Con el ánimo de participar en los debates sobre discursos de odio y tratar de entenderlos en nuestro país, recogimos frases de carteles que fueron usados para la marcha del 15 de febrero de 2023:
“Señor llévate a Petro y devuélvenos a Diomedes.”
No olvidamos a Doris Adriana Niño, mujer que fue víctima del feminicidio en el que participó Diomedes Díaz, a raíz del cual fue sentenciado a doce años y medio de prisión, por el delito de homicidio preterintencional. Díaz estuvo prófugo de la justicia por dos años, por favorabilidad le sentenciaron 6 años, de los cuales terminó pagando 3. Doris Adriana fue asesinada el 15 de mayo de 1997, ella también fue víctima esa noche de acceso carnal violento y a su cuerpa la intentaron desaparecer. Durante 25 años, ella y su familia han transitado un camino doloroso y revictimizante, la falta de claridad en el proceso de Diomedes Diaz es un reflejo de esto.
Difícilmente en los medios de comunicación o en producciones audiovisuales sobre el cantante vallenato se le nombra como lo que es: un feminicida.

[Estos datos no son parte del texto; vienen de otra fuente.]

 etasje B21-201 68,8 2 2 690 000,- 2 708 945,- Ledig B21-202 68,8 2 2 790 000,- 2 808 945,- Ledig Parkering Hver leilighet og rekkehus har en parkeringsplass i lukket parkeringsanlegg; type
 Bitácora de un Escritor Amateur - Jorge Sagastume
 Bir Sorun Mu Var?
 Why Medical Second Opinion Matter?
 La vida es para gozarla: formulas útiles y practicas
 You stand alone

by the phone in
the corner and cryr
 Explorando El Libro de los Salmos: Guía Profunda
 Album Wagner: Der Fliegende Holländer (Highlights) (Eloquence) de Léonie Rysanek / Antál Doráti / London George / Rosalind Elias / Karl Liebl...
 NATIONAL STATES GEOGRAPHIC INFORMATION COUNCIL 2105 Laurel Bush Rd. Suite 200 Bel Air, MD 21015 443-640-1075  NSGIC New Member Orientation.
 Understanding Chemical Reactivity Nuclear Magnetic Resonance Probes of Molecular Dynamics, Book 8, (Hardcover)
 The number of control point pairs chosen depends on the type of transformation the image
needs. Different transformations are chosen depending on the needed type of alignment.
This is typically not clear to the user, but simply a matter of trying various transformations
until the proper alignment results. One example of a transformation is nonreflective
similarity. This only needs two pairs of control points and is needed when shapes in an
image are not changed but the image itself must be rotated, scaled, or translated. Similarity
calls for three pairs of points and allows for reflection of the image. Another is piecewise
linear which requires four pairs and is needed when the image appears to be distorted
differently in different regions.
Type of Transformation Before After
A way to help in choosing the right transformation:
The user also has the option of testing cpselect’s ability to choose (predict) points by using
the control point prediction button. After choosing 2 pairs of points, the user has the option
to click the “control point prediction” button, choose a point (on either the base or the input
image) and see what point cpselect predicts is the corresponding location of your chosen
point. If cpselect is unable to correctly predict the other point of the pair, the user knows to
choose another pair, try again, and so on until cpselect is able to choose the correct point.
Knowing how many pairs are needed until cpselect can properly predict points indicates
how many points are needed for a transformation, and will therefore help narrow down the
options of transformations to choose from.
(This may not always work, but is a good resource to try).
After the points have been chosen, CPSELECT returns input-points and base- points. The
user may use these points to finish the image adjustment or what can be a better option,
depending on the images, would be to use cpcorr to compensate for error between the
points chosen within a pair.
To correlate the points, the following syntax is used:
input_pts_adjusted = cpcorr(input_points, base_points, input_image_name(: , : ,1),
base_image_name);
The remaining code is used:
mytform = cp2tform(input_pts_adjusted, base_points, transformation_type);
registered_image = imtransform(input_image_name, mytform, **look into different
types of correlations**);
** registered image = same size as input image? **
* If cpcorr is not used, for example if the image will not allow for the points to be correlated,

Esta frase nos parece que hace parte de los discursos de odio contra la mujer porque se da en el contexto de un caso de feminicidio en el que no hay verdad y reparación, es un mensaje que refleja la inoperancia, la frialdad y la falta de empatía del Estado colombiano en estos hechos; sobre todo sabiendo que en los primeros dos meses del año 2023 han ocurrido 25 feminicidios, razón por la que el movimiento de mujeres pidió declarar emergencia nacional por violencia machista.
“Mi cuerpo yo decido, su cuerpo yo lo cuido.”

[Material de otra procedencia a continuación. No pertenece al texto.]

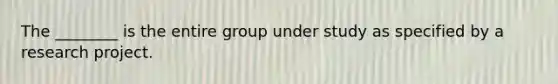 The ________ is the entire group under study as specified by a research project.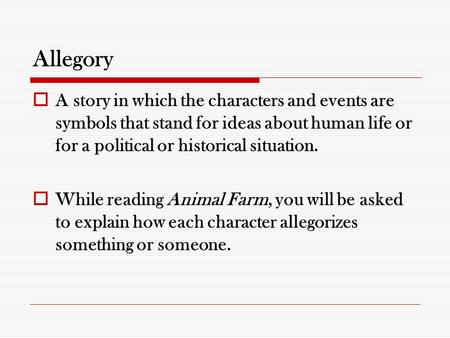 Allegory A story in which the characters and events are symbols that stand for ideas about human life or for a political or historical situation. While.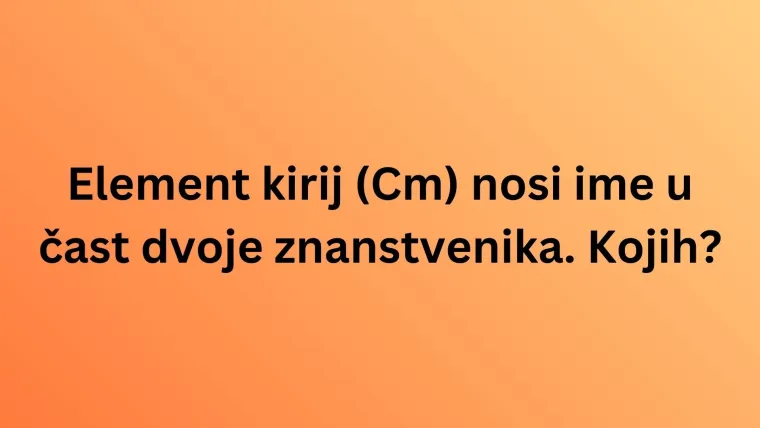 Zna&scaron; li po kome ili čemu su ovi kemijski elementi dobili naziv? Poku&scaron;aj imati sve točno na kvizu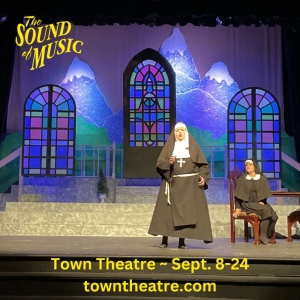 THE SOUND OF MUSIC to Kick Off Town Theatre's 104th Season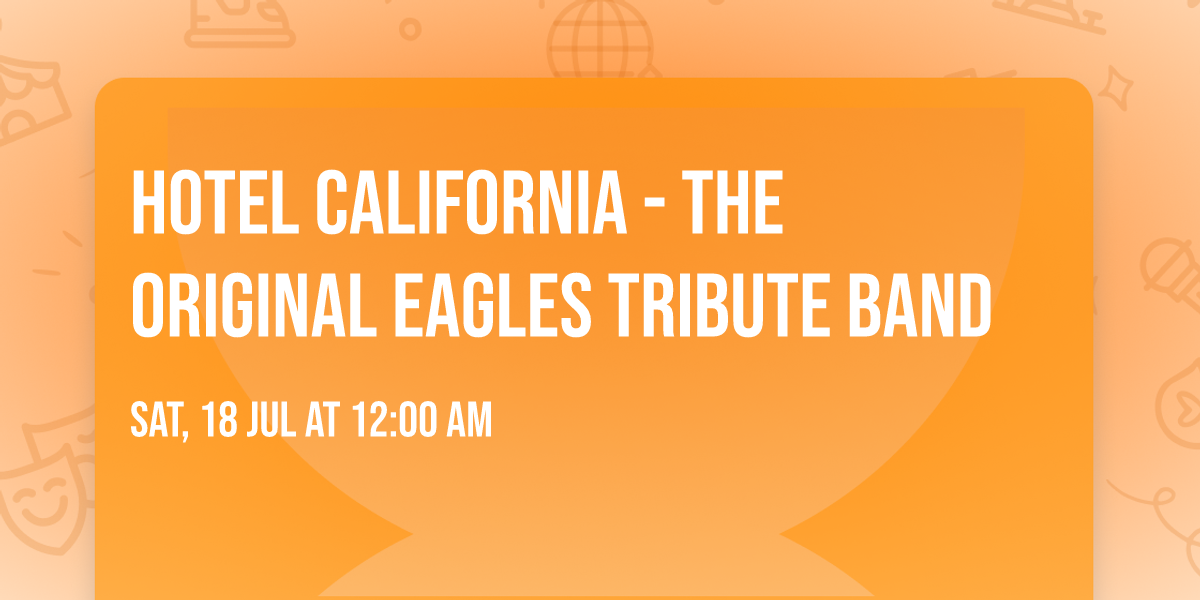 Hotel California - The Original Eagles Tribute Band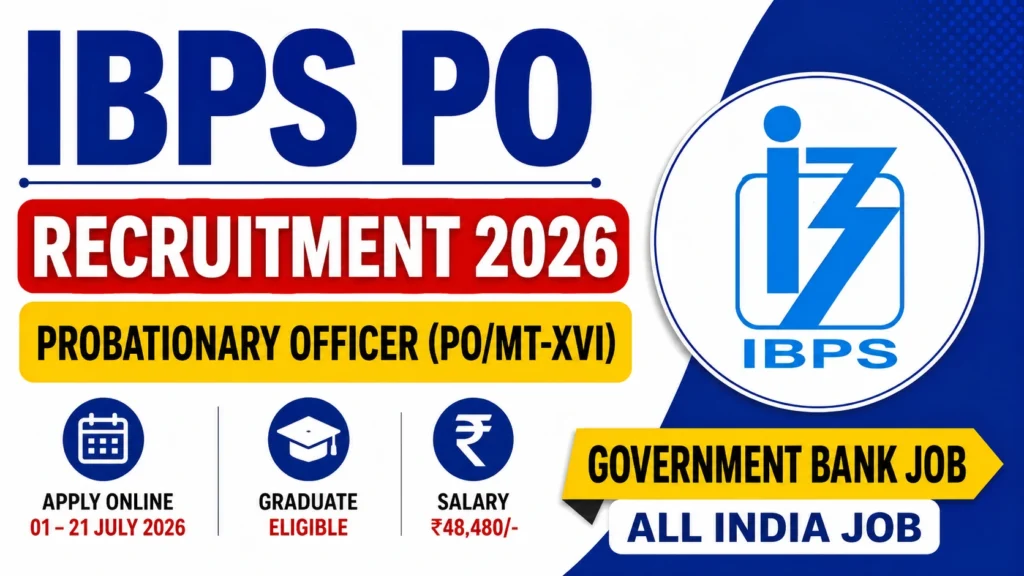 IBPS PO Recruitment 2026 Notification Out – Apply Online for Probationary Officer (PO/MT-XVI) Vacancy, Eligibility, Salary, Exam Date & Complete Details 1 IBPS PO Recruitment 2026 Notification Out – Apply Online IBPS PO Recruitment 2026 Notification Out – Apply Online for Probationary Officer (PO/MT-XVI) Vacancy, Eligibility, Salary, Exam Date & Complete Details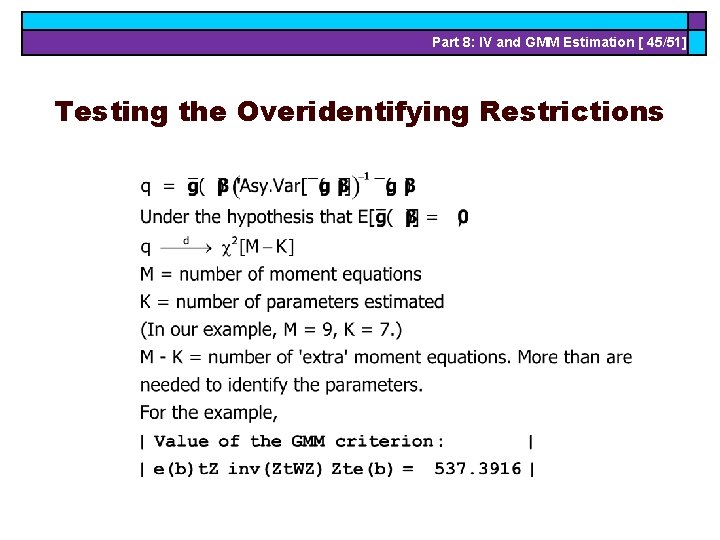 Part 8: IV and GMM Estimation [ 45/51] Testing the Overidentifying Restrictions 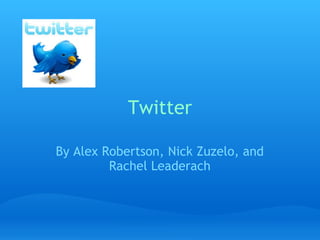 Twitter By Alex Robertson, Nick Zuzelo, and Rachel Leaderach 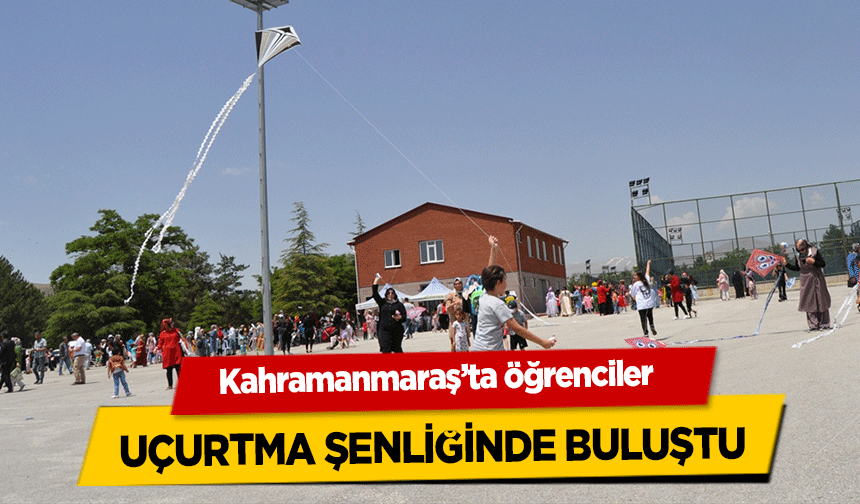 Kahramanmaraş’ta öğrenciler uçurtma şenliğinde buluştu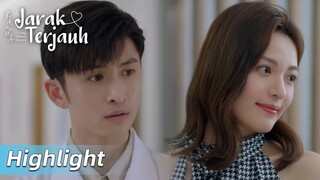 Highlight EP07 Mengklarifikasi hubungan mereka | The Furthest Distance | WeTV【INDO SUB】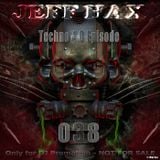 Jeff Hax Presents Techno 4.0 - Episode 038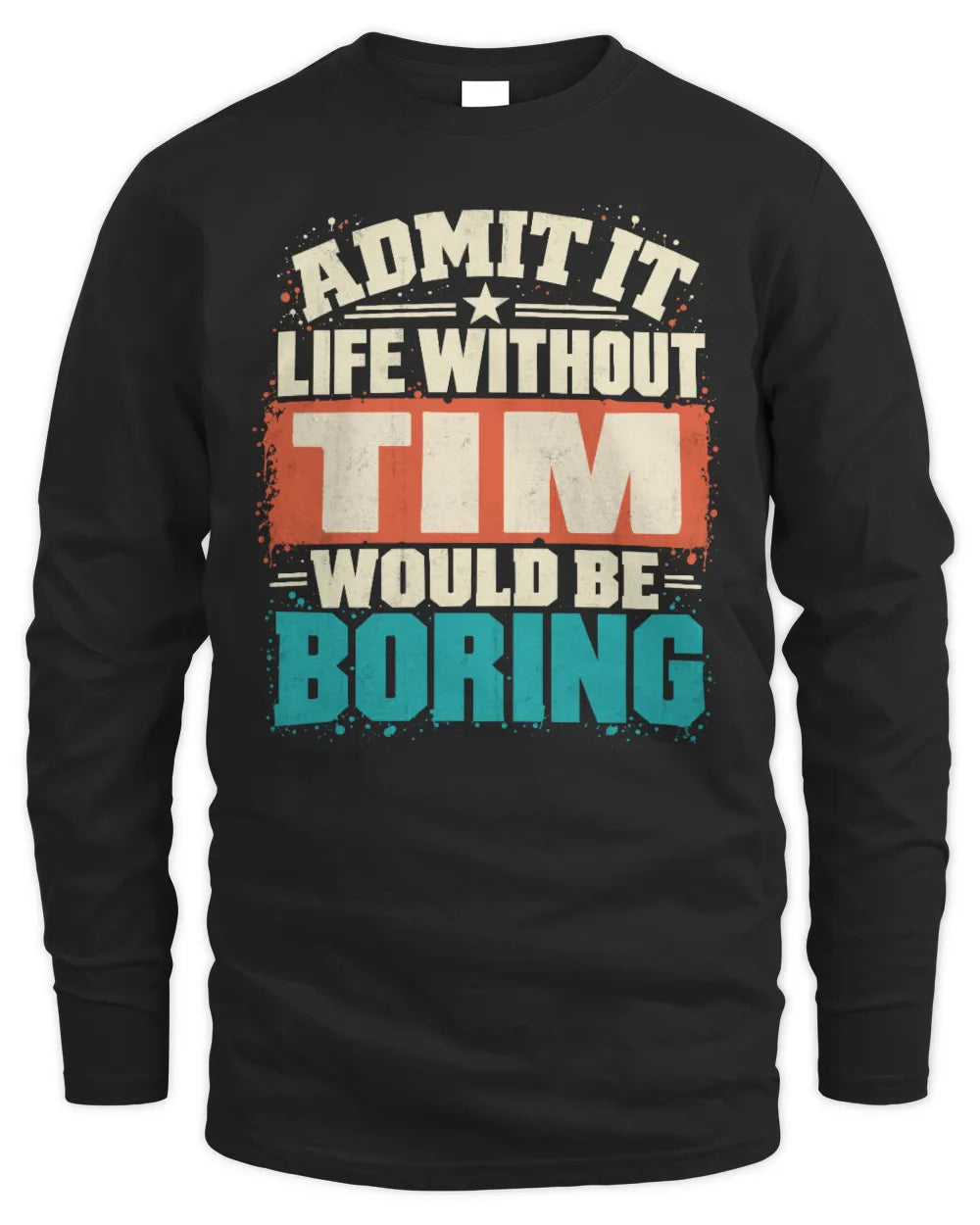 TIM P02-TH11-226 Personalized Admit It Life Without [Name] Would Be Boring T-Shirt - Custom Name Funny Gift - Men's Long Sleeved T-Shirt - Black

“El aborto no soluciona tus problemas, paga el más inocente por tus malas decisiones.”
Las frases anteriores hacen alusión al aborto y constituyen un mensaje de odio, ya que están manipulando de manera emocional y ejerciendo presión sicológica a las receptoras del mensaje. Desde la ética, la moral y la religión, estos mensajes relativizan las razones del porqué una mujer o niña elige o tiene que abortar para salvaguardar su vida e integridad. Este mensaje no tiene en cuenta que abortar es un derecho humano, que negar el acceso es un tipo de discriminación, y es violencia contra las mujeres y las niñas porque restringe su autonomía, su libertad de conciencia y religión. En muchas ocasiones se pone en riesgo su salud física y mental, se les somete a tratos crueles e inhumanos, y se niega el derecho a la información. Obligar a una mujer o niña a tener un hijx producto de un abuso sexual u acceso carnal violento es profundamente revictimizante y trae consecuencias irreversibles.

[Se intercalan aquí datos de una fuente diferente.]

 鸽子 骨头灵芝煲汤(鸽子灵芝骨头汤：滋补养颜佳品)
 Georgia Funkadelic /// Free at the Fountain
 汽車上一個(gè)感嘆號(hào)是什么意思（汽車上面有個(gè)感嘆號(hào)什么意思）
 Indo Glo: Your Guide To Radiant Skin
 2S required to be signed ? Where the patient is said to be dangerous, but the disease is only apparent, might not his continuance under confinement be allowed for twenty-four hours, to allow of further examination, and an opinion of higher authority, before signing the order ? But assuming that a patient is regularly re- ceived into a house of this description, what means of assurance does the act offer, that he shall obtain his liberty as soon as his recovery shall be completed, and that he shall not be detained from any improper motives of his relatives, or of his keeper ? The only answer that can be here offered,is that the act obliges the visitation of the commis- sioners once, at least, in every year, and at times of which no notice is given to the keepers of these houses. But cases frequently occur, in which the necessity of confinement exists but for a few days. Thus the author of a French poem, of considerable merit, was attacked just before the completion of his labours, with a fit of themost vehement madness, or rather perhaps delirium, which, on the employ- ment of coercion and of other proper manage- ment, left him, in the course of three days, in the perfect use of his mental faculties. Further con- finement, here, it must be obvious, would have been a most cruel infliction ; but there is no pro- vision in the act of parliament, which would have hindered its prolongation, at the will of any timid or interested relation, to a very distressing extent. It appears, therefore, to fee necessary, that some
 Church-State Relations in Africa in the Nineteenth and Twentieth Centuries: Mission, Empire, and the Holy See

Con este ejercicio resultaron preguntas que valen la pena hacerse entre amigxs, familias o colectividades: ¿hacen parte estos mensajes dentro de los discursos de odio?, ¿hasta qué punto nuestra sociedad los ha normalizado?, ¿hasta dónde la dignidad de una colectividad o un territorio está en discusión?, ¿hace parte de una transición hacia la paz la reconfiguración de estas ideas?
Creemos que el diálogo puede aportar las reflexiones necesarias para este escenario de relatos, animamos entonces a alimentar estos debates desde cada lugar de enunciación, con la creatividad de cada persona y con la fuerza de cada colectividad. Que los mensajes de odio se conviertan en escenarios conciliadores de transformación, de la calle a la casa y de la casa a la calle.